* _Stored items_
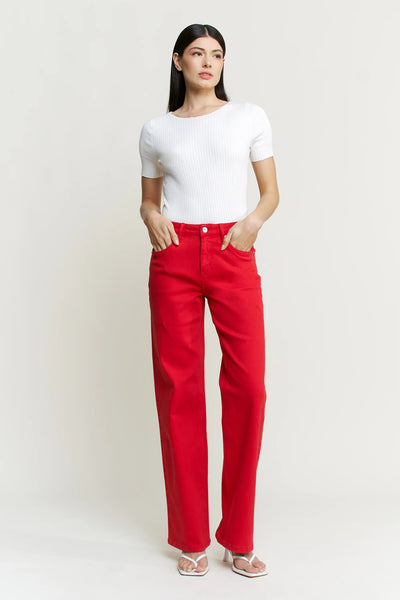 Avory Straight Leg Jean - Red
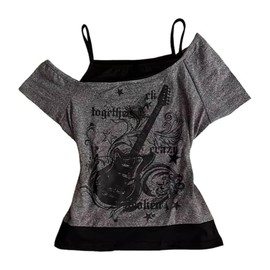 Alt Goth Emo Grunge Shirts Fake 2 Piece Grahpic Tees Y2k Baby Tee Women Streetwear 2000s Crop Top Summer 2025 (Dark Grey,L,Large)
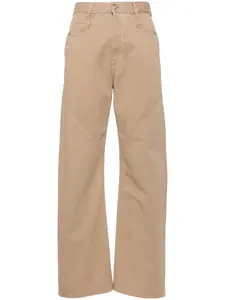 Джинсы широкого кроя с завышенной талией Mm6 Maison Margiela, бежевый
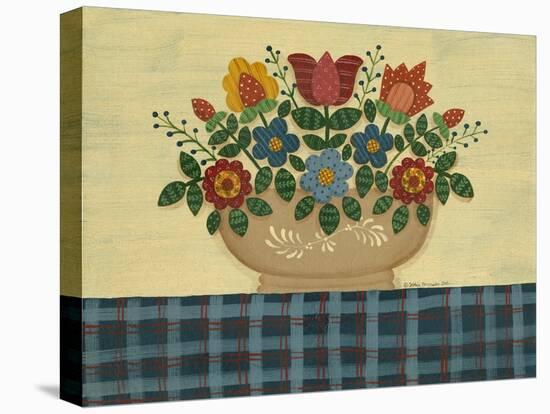 Multi-Colored Flowers with Dark Blue Tablecloth-Debbie McMaster-Premier Image Canvas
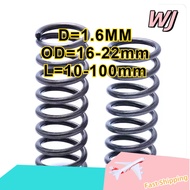 Compression spring, return spring 65Mn spring steel compression spring d6mm*D=1.6MM*OD16-22mm*L10-10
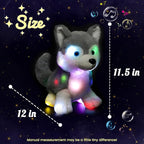 Hopearl LED Musical Stuffed Husky Lighting Up Singing Plush Dog Adjustable Volume Lullaby Animated Soothe Birthday Gifts for Kids Boys Girls, Gray, 12''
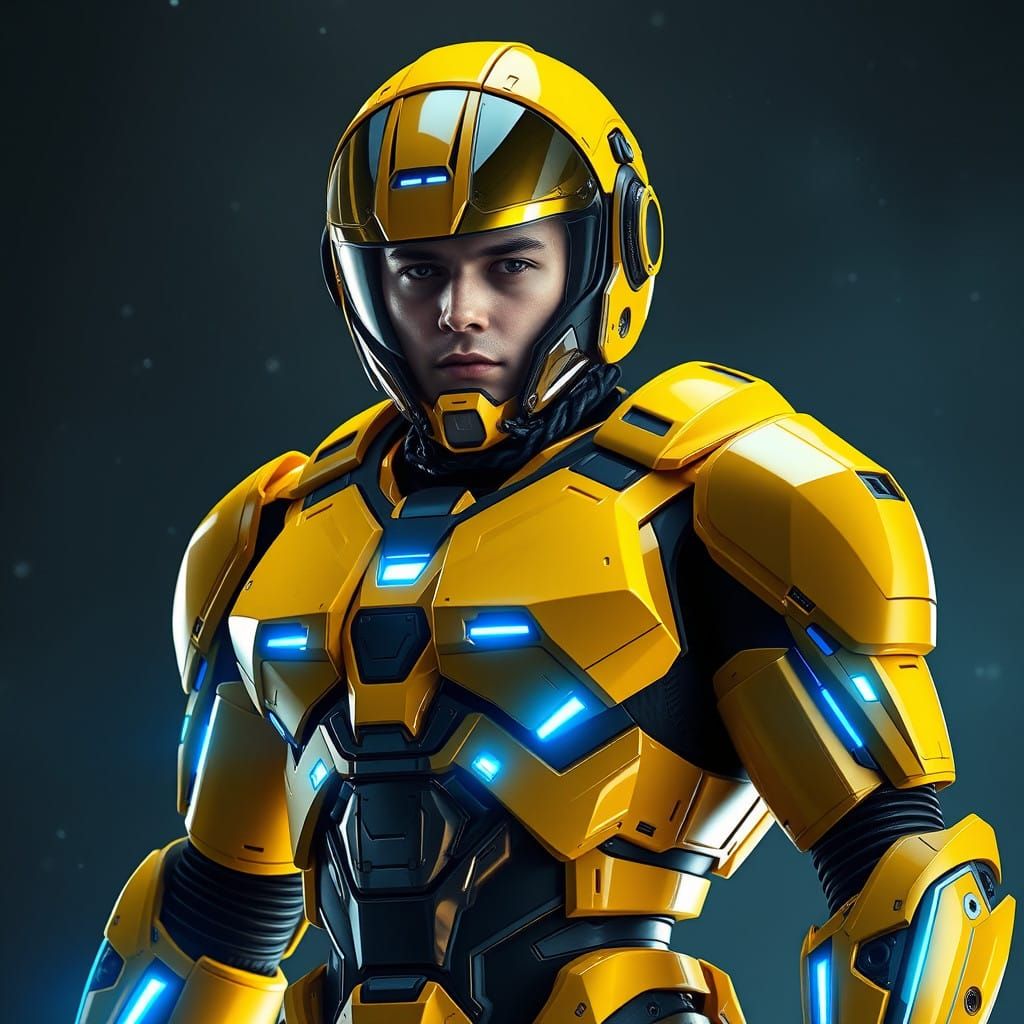 Cyberpunk Teen Hero in Metallic Space Armor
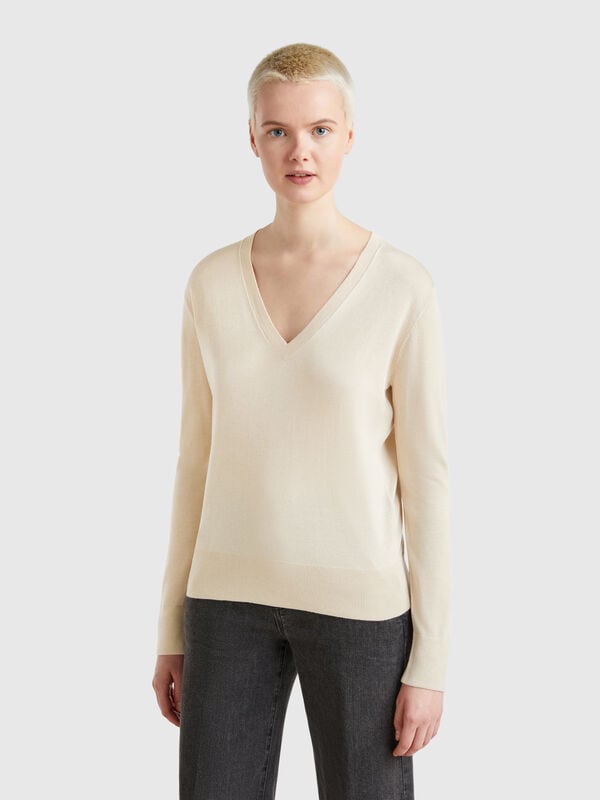 Pull col V en soie mélangée Femme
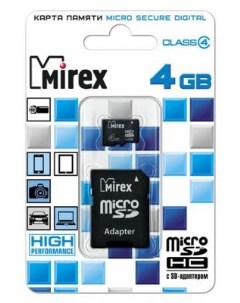 Флеш карта microSD 4GB microSDHC Class 4 SD адаптер Mirex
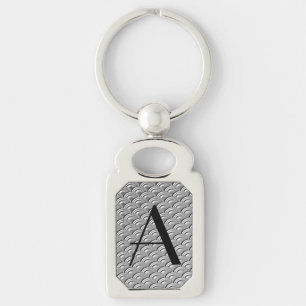 Porte-clés Monogramme Art déco Motif de vague d'argent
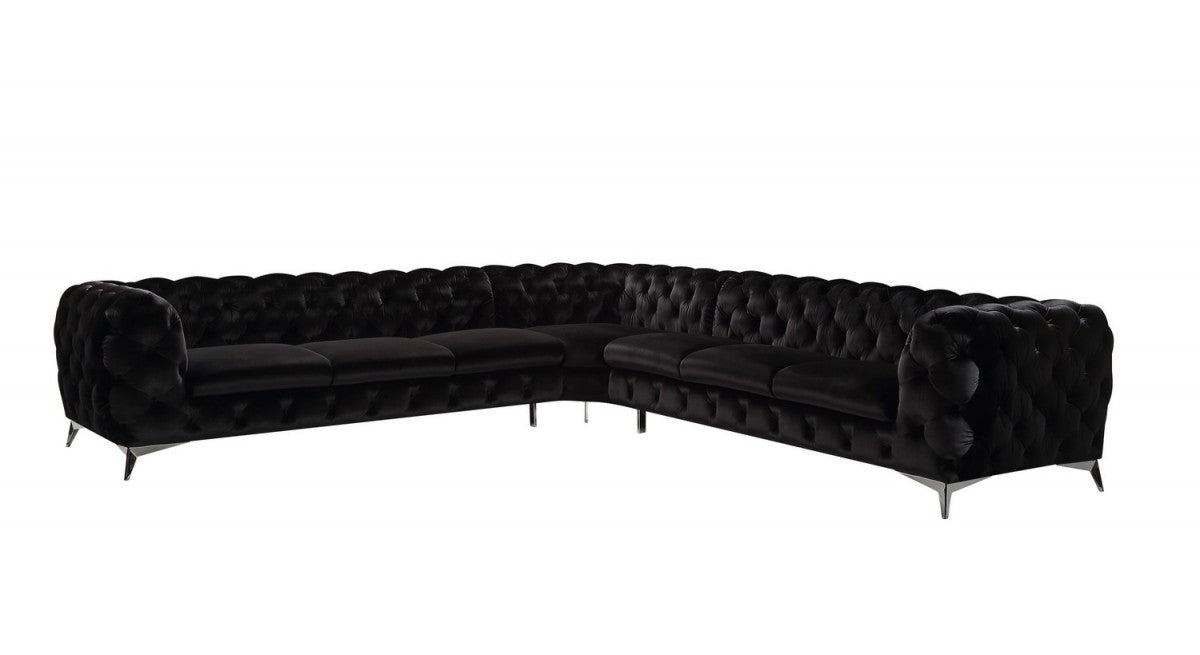 Divani Casa Delilah - Modern Black Fabric Sectional Sofa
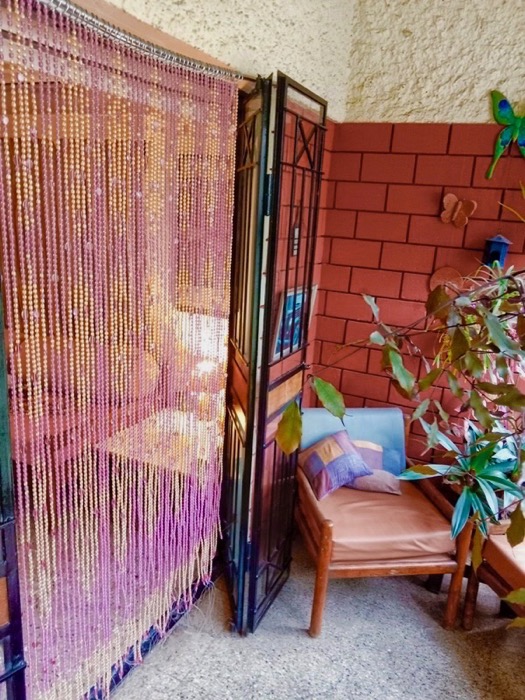 Restaurant Partition Screen Interior Design Designer Pink Peach Glass Beaded Drapes
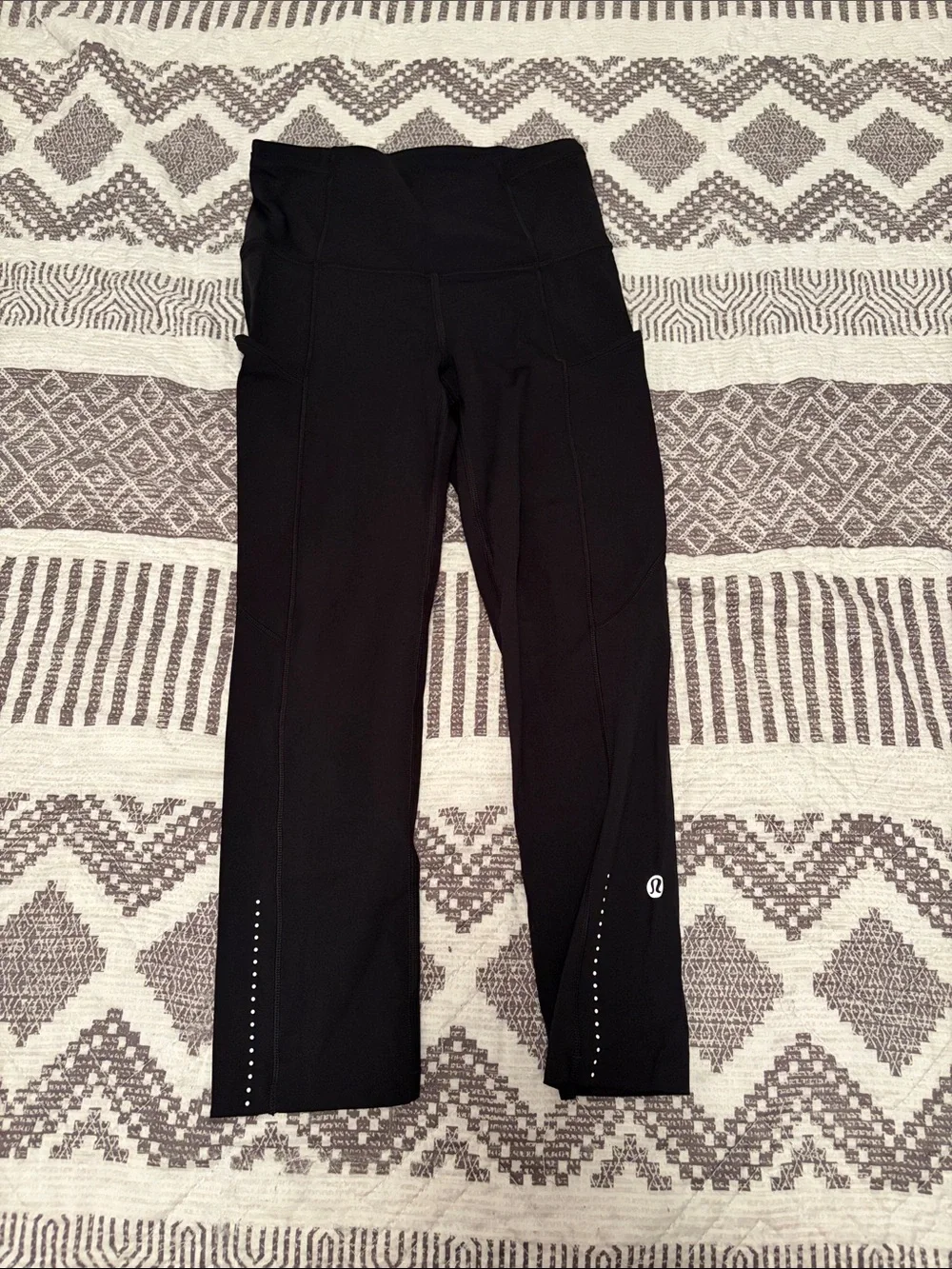 lululemon athletica Black Cropped Leggings with Reflective Dots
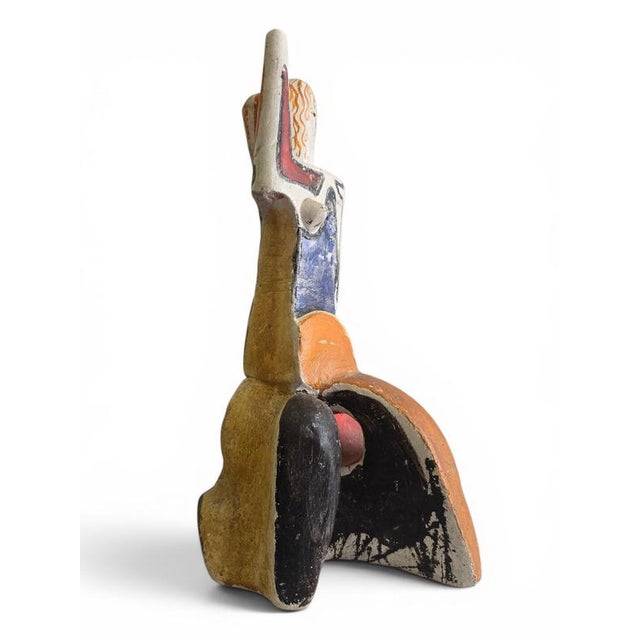 Gold Abstract Female Figure in Painted Ceramic by Alfredo Lanz, Italy, 1970s For Sale - Image 8 of 11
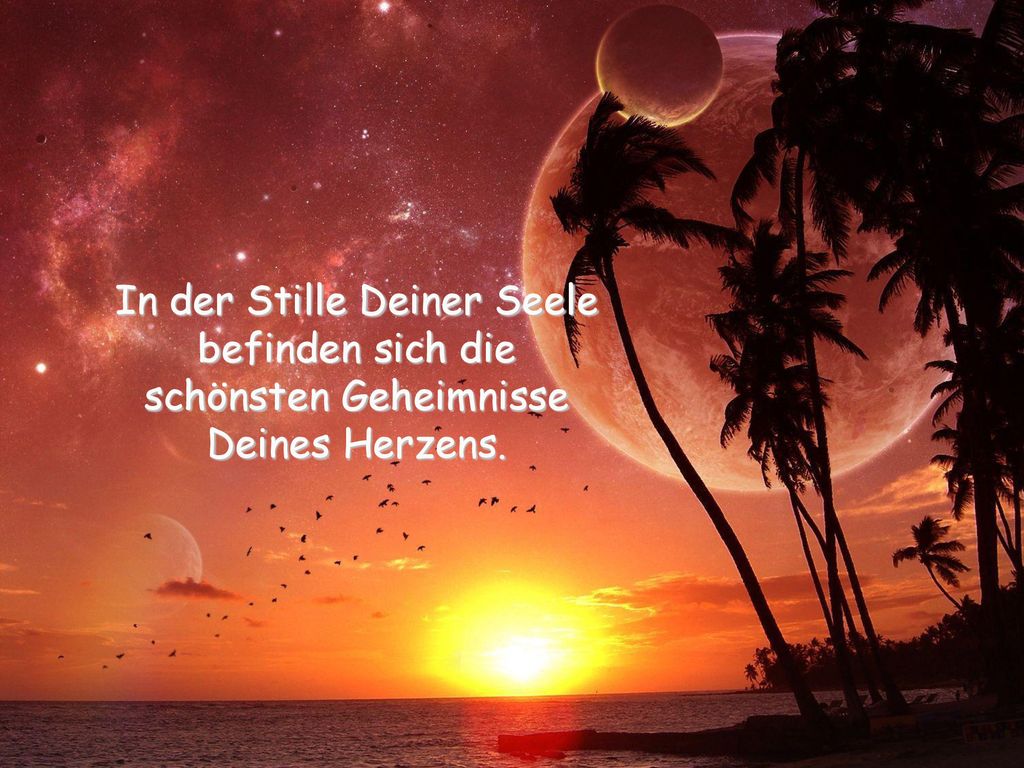 In der Stille Deiner Seele befinden sich die schönsten Geheimnisse Deines Herzens.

* _EXERCISE_
Output the line that contains "Alt Goth Emo" and every subsequent line through the end of the entries, exactly as given, without pictures.

* _THE ANSWER_
 Alt Goth Emo Grunge Shirts Fake 2 Piece Grahpic Tees Y2k Baby Tee Women Streetwear 2000s Crop Top Summer 2025 (Dark Grey,L,Large)
 Джинсы широкого кроя с завышенной талией Mm6 Maison Margiela, бежевый
 Multi-Colored Flowers with Dark Blue Tablecloth-Debbie McMaster-Premier Image Canvas
 Compression spring, return spring 65Mn spring steel compression spring d6mm*D=1.6MM*OD16-22mm*L10-10
 Hopearl LED Musical Stuffed Husky Lighting Up Singing Plush Dog Adjustable Volume Lullaby Animated Soothe Birthday Gifts for Kids Boys Girls, Gray, 12''
 Cyberpunk Teen Hero in Metallic Space Armor
 Pull col V en soie mélangée Femme
 Флеш карта microSD 4GB microSDHC Class 4 SD адаптер Mirex
 Porte-clés Monogramme Art déco Motif de vague d'argent
 Divani Casa Delilah - Modern Black Fabric Sectional Sofa
 Restaurant Partition Screen Interior Design Designer Pink Peach Glass Beaded Drapes
 lululemon athletica Black Cropped Leggings with Reflective Dots
 Gold Abstract Female Figure in Painted Ceramic by Alfredo Lanz, Italy, 1970s For Sale - Image 8 of 11
 In der Stille Deiner Seele befinden sich die schönsten Geheimnisse Deines Herzens.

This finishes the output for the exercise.